Checking out “The Da Vinci Code,” in which two main characters — Harvard “symbologist” Robert Langdon and Paris cryptologist Sophie Neveu — solve an esoteric murder mystery with the help of Atbash, I found this account of it:

“For years, religious scholars had been baffled by biblical references to a city called Sheshak. The city did not appear on any map or in any other documents, and yet it was mentioned repeatedly in the Book of Jeremiah…. Finally, a scholar applied the Atbash cipher to the word, and his results were mind numbing. The cipher revealed that Sheshak was in fact a ‘code word’ for another very well-known city… Sh-Sh-K, when placed in the substitution matrix, became B-B-L. B-B-L in Hebrew spelled Babel…. The mysterious city of Sheshak was revealed as the city of Babel, and a frenzy of biblical examination ensued. Within weeks, several more Atbash code words were uncovered in the Old Testament, unveiling myriad hidden meanings that scholars had no idea were there.”
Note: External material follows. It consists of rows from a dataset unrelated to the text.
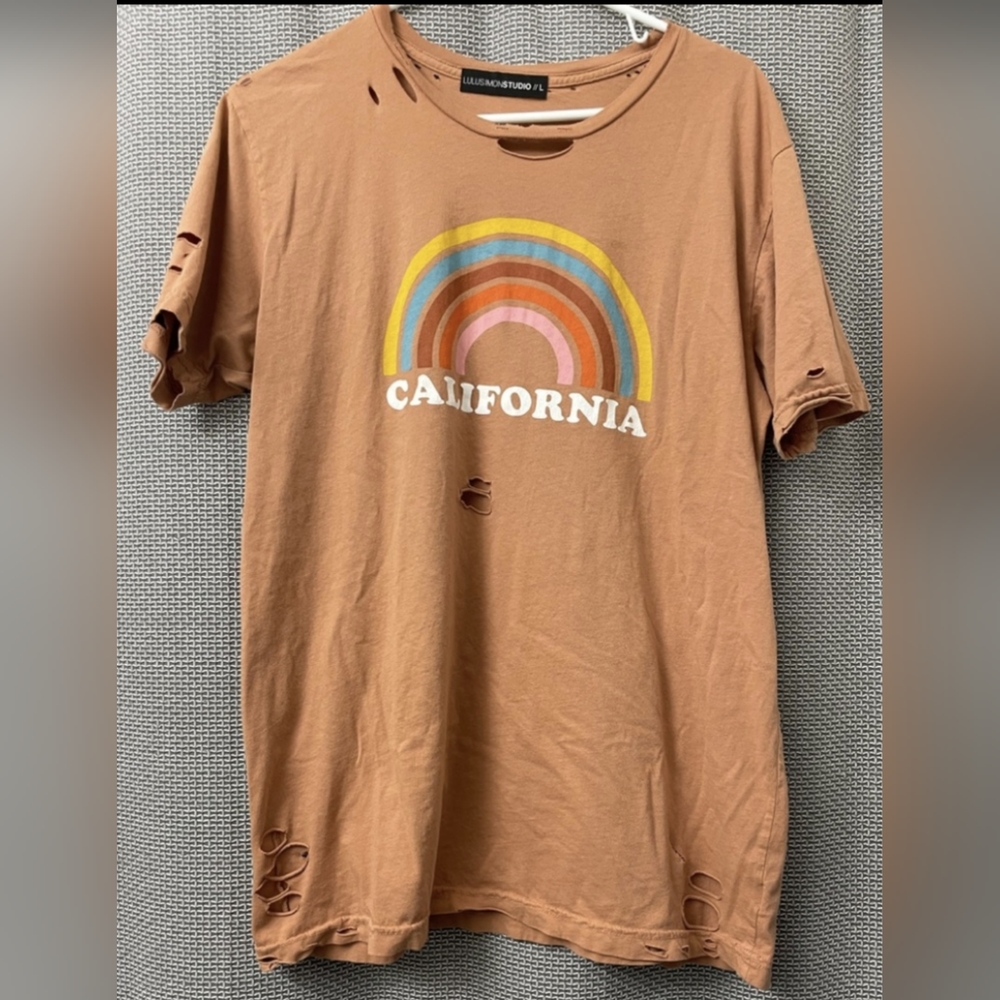 VICI Distressed California Tee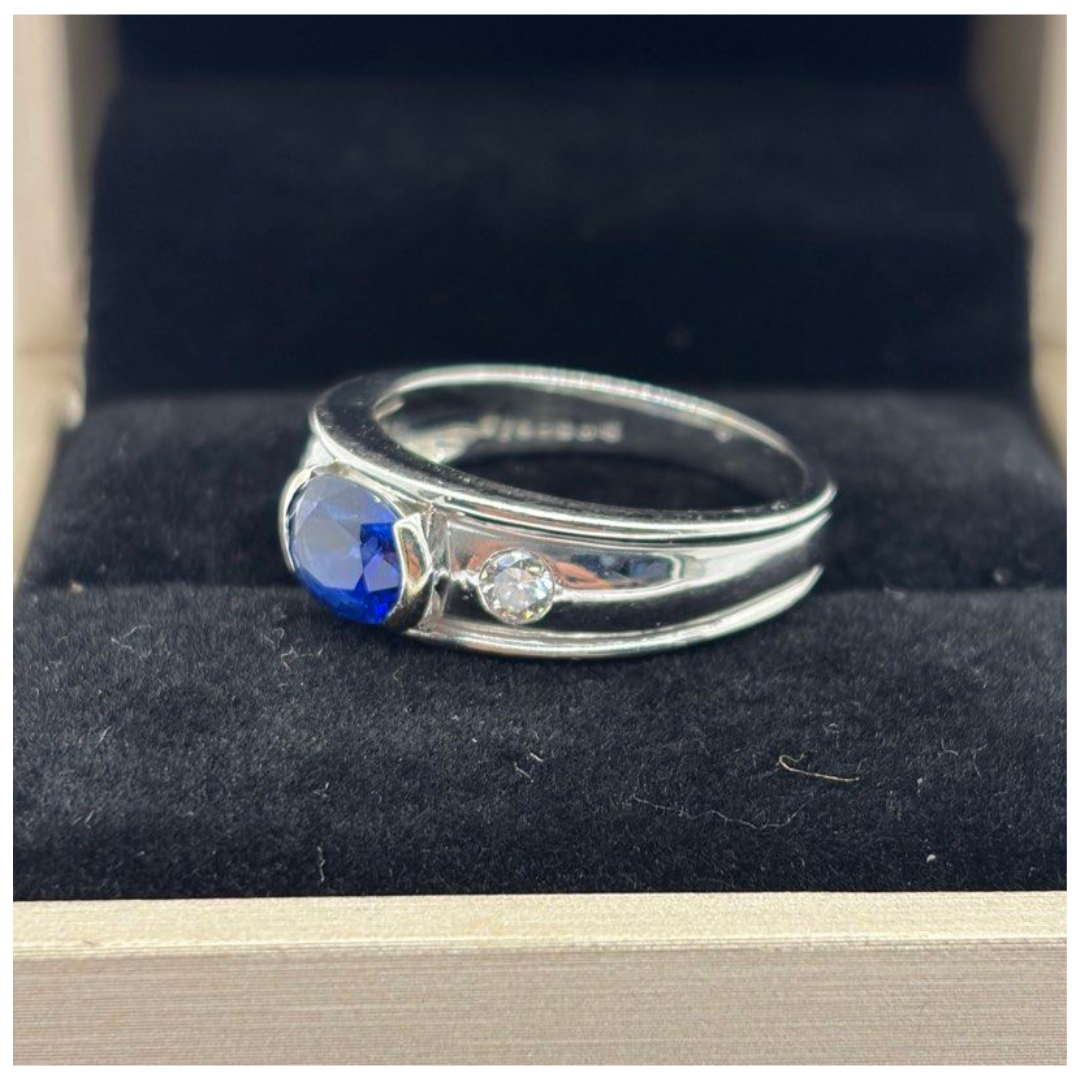 750 White Gold Natural Blue Sapphire & Diamond Men’s Ring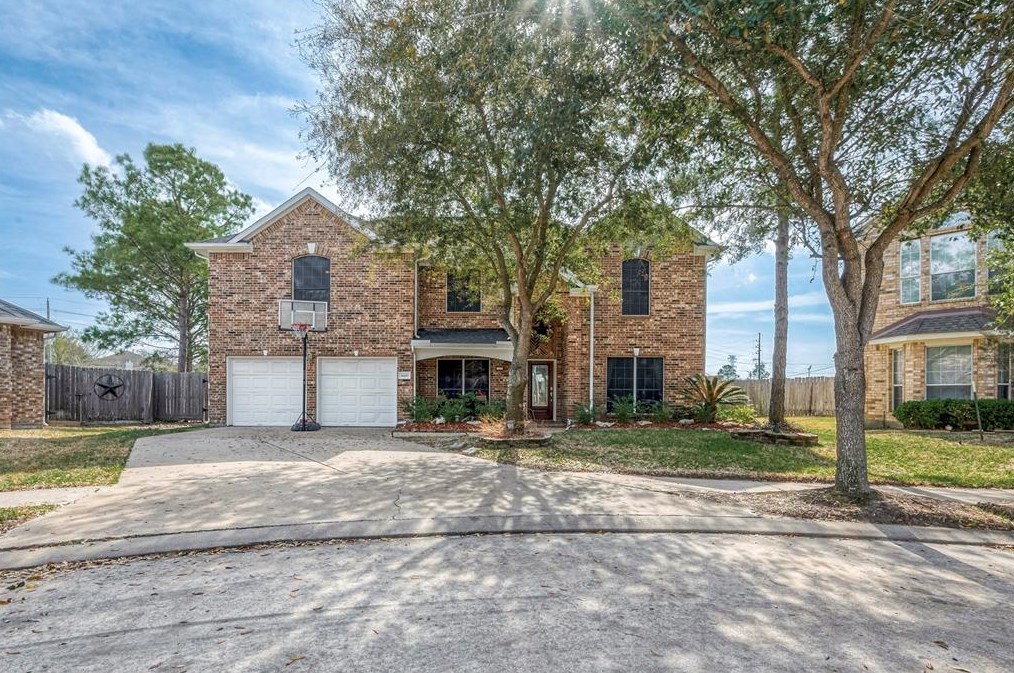 16603 Barrett Post Ln, Houston, TX 77095-5522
“The Da Vinci Code” may not be the worst novel ever written, but it’s not the best scholarship, either. If anything is a bit mind numbing, it’s the mixture of truth and falsehood in the above passage. Here are the basic facts:

  1. The “repeated mention” of Sheshak in the book of Jeremiah consists of all of two verses, 25:26 and 51:41. In the latter verse, Jeremiah, prophesying the downfall of Babylon, declares, “How is Sheshak taken!… How has Babylon become an astonishment among the nations!”

  2. The “scholar” who “finally” applied the Atbash cipher to the name Sheshak (which, indeed, is obscure) was the third-century C.E. Mishnaic sage Rabbi Simon, who is quoted in the midrashic anthology Bamidbar Rabba as saying, “Sheshak in Atbash is Babylon [Bavel, in Hebrew].” Rabbi Simon may have been basing himself on a tradition of interpretation that seems to be present already in the third-century BCE Greek Septuagint, the first translation of the Bible, in which “Sheshak” is rendered as “Babylon.” Needless to say, no noticeable “frenzy of biblical examination” followed his observation.

  3. Assuming that Rabbi Simon was right about Sheshak, there is exactly one other likely “Atbash code word” in the Bible, and that is in the same 51st chapter of Jeremiah, verse 1. There, at the beginning of his vision of doom, Jeremiah says, in the words of the King James Bible, “Thus saith the Lord: Behold, I will raise up against Babylon, and against them that dwell in the midst of them that rise up against me, a destroying wind.” The phrase “against them that dwell in the midst of them that rise up against me” sounds as awkward in the original Hebrew as it does in English, and the Septuagint rendered “them that rise up against me [lev kamai]” as “the Chaldeans” — a synonym for the Babylonians. Since the Hebrew word for “Chaldeans,” kasdim, is the Atbash of lev kamai, it has been speculated that both lev kamai and Sheshak were understood by the translators of the Septuagint to be Atbash ciphers.

If this is the case, Atbash is indeed very ancient, going back not merely to the time of Rabbi Simon, but to at least the third-century BCE, and, possibly, to the age of Jeremiah several hundred years earlier. The problem with this is that it is difficult to understand what would have made Jeremiah use a cipher for “Babylon” when he mentions it openly in the same verse. Why encode what you’re not trying to hide? And yet at the same time, while it’s perfectly possible that Sheshak was the name of a real place or person that later readers of the Bible were unable to identify — and that lev kamai means what King James says it does, or is a garbling of something else — it seems improbable that both Sheshak and lev kamai, occurring in close proximity in a prophecy about Babylon, just should happen to have Atbash readings denoting Babylon or Babylonians. Could this be a mere coincidence?

It’s a mystery — a more interesting one, if you ask me, than the one Robert and Sophie manage to solve in “The Da Vinci Code.”